9) Setiap jurnalis harus mendengarkan hati nuraninya. Membolehkan tiap individu wartawan menyuarakan hati nurani pada dasarnya membuat urusan manajemen jadi lebih kompleks. Tugas para redaktur untuk memahami persoalan ini. Mereka memang mengambil keputusan final, tapi mereka harus senantiasa membuka diri atas semua kritik yang masuk.
10) Sekarang zaman digital menciptakan lebih banyak media dan banjir informasi. Jurnalisme membutuhkan posisi yang sebanding dengan perkembangan teknologi. Warga punya hak terhadap berita, namun ia juga punya kewajiban.
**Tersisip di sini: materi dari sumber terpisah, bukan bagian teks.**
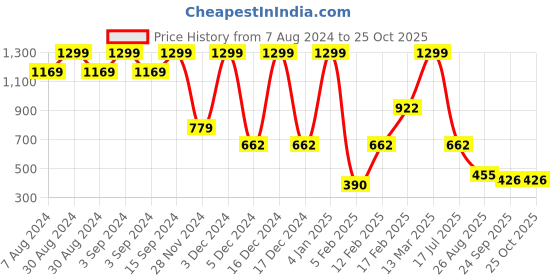 ajio.com krita Women Printed A-Line Kurta with Embroidered Yoke krita Price History Graph from 7 Aug 2024 to 25 Oct 2025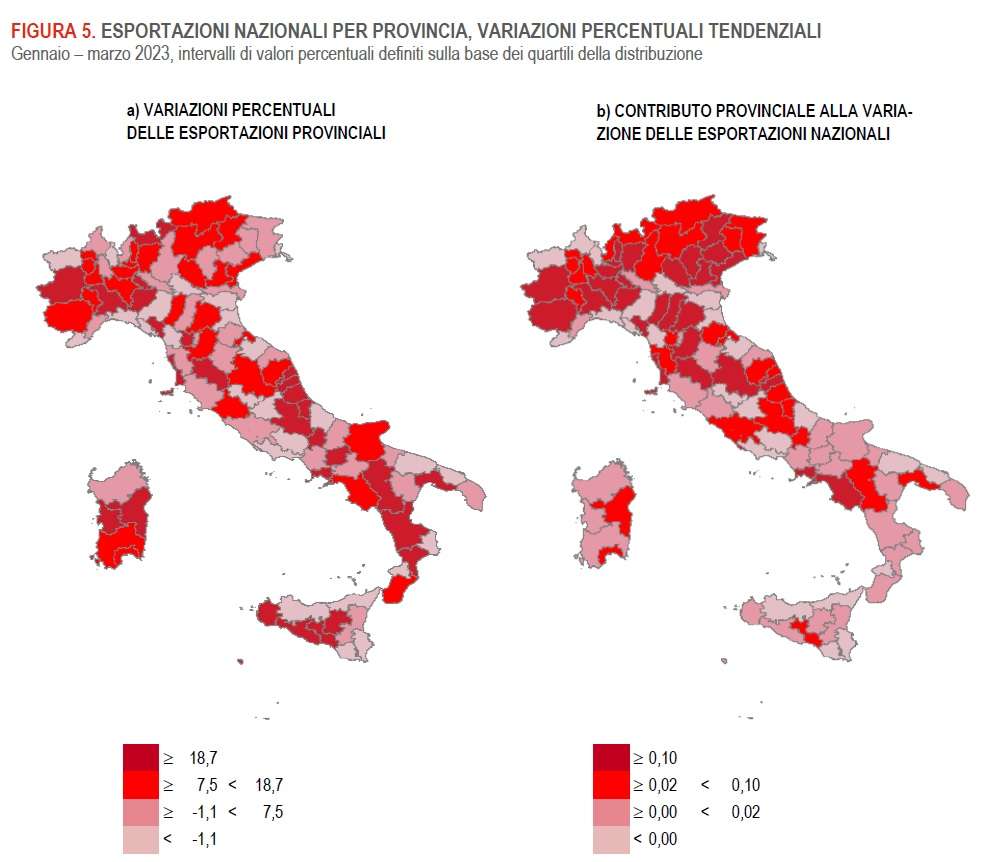 variazioni export provincia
Demokrasi dan jurnalisme lahir bersama, dan juga akan jatuh bersama-sama.
Bacaan: “Kegusaran Tom Wolfe” oleh Septiawan Santana Kurnia: “Ibarat Kawan Lama Datang Bercerita” oleh Andreas Harsono dalam buku Jurnalisme Sastrawi; Laporan-Laporan dalam Nieman Narrative Journalism Confrence.
Pekerjaan rumah: menulis satu halaman deskripsi yang padat, memanfaatkan penciuman, pendengaran, warna, gerakan, kasar-halus, kontras (lucu, aneh, menarik), merampas perhatian pembaca.
Rabu, 3 Juni 2009. Diskusi lanjutan soal jurnalisme dan masalahnya dengan nasionalisme-agama-etnik-ideologi-gender. Rujukannya: “The Ethnic Origins of Religions Conflict in North Maluku Province, 1999-2000” oleh Chris Wilson; “Panasnya Pontianak, Panasnya Politik” oleh Andreas Harsono dan Douglas Kammen; “Fire Without Smoke and Other Phantoms of Ambon’s Violence” oleh Patricia Spyer.
Sessi kedua adalah diskusi tentang struktur narasi dengan contoh “Hiroshima” karya John Hersey.
Tugas untuk hari Jumat: mencari narasumber dan melakukan wawancara. Membuat deskripsi dan dialog. Menggunakan kalimat-kalimat yang bernas, memikat, indah, kuat serta menyentak.
Jumat, 5 Juni 2009 adalah hari terakhir kursus jurnalisme Pantau. Sessi pertama membahas satu isu dalam empat pendekatan: Aceh, empat naskah, empat gaya, empat struktur. “Kejarlah Daku, Kau Kusekolahkan” karya Alfian Hamzah; “Republik Indonesia Kilometer Nol” karya Andreas Harsono; “Sebuah Kegilaan di Simpang Kraft” karya Chik Rini. Sessi kedua, diskusi tentang sumber anonim dan teknik interview. Berlatih interview dengan bantuan video.
Kursus jurnalisme sastrawi Pantau ditutup sore yang tua itu. Saya bergegas pulang membawa sebuah pengalaman: belajar jurnalisme bersama para jurnalis, sebuah komunitas yang berbeda dengan komunitas yang selama ini saya berkecimpun di dalamnya.